**ACTION ITEM:** Your response is a verbatim copy of the listing, stripped of its images.

**RECORDED DATA:**
>>>
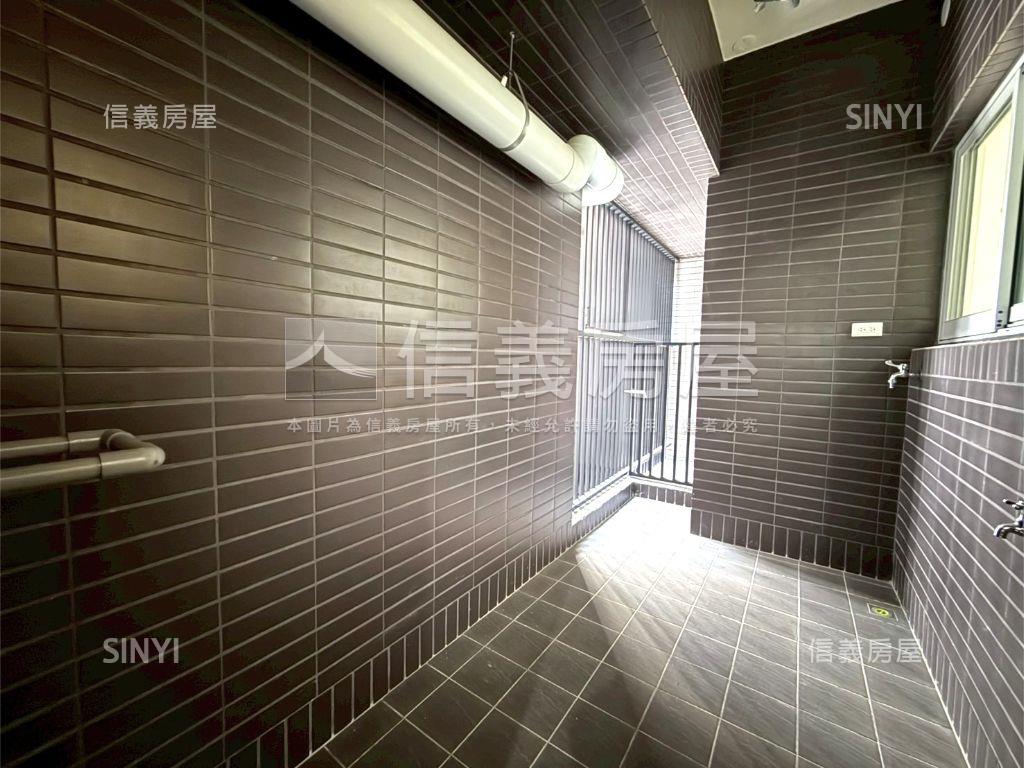 水星光高樓三房平車房屋室內格局與周邊環境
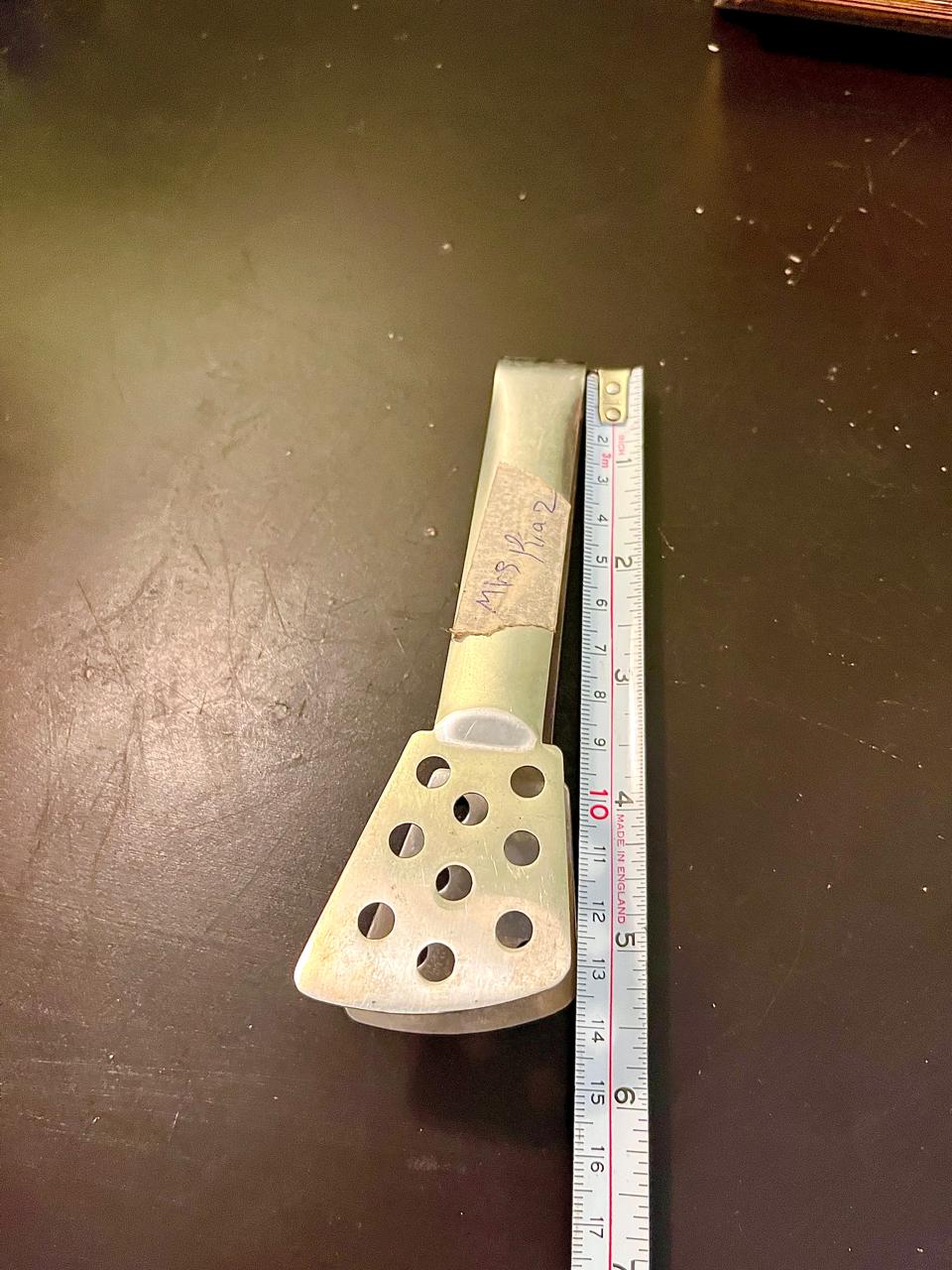 Vintage Perforated Stainless Steel Pie Server 14 cm
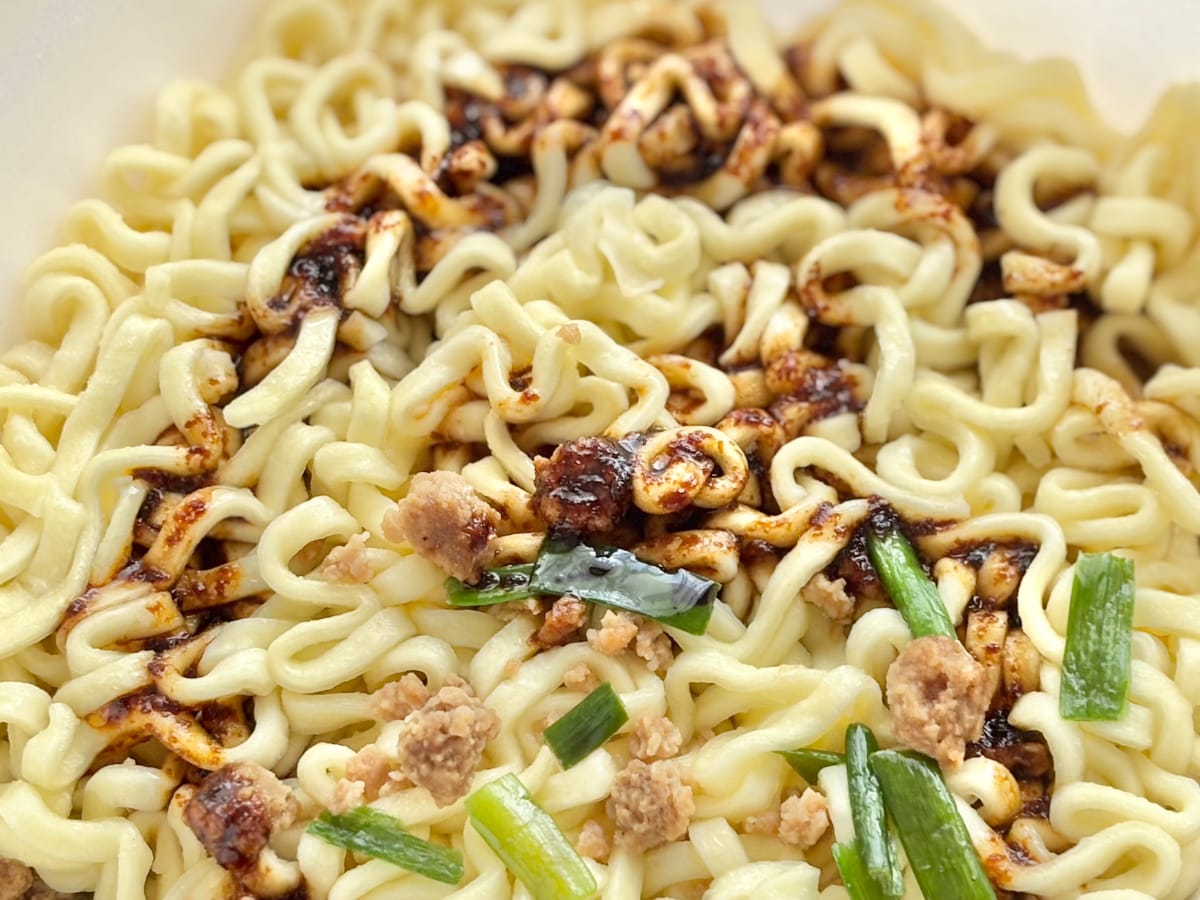 にんにく強めでハマる！【ファミマ】行列店監修のカップまぜそばを実食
<<<
**RESPONSE TO THE TASK:**
 水星光高樓三房平車房屋室內格局與周邊環境
 Vintage Perforated Stainless Steel Pie Server 14 cm
 にんにく強めでハマる！【ファミマ】行列店監修のカップまぜそばを実食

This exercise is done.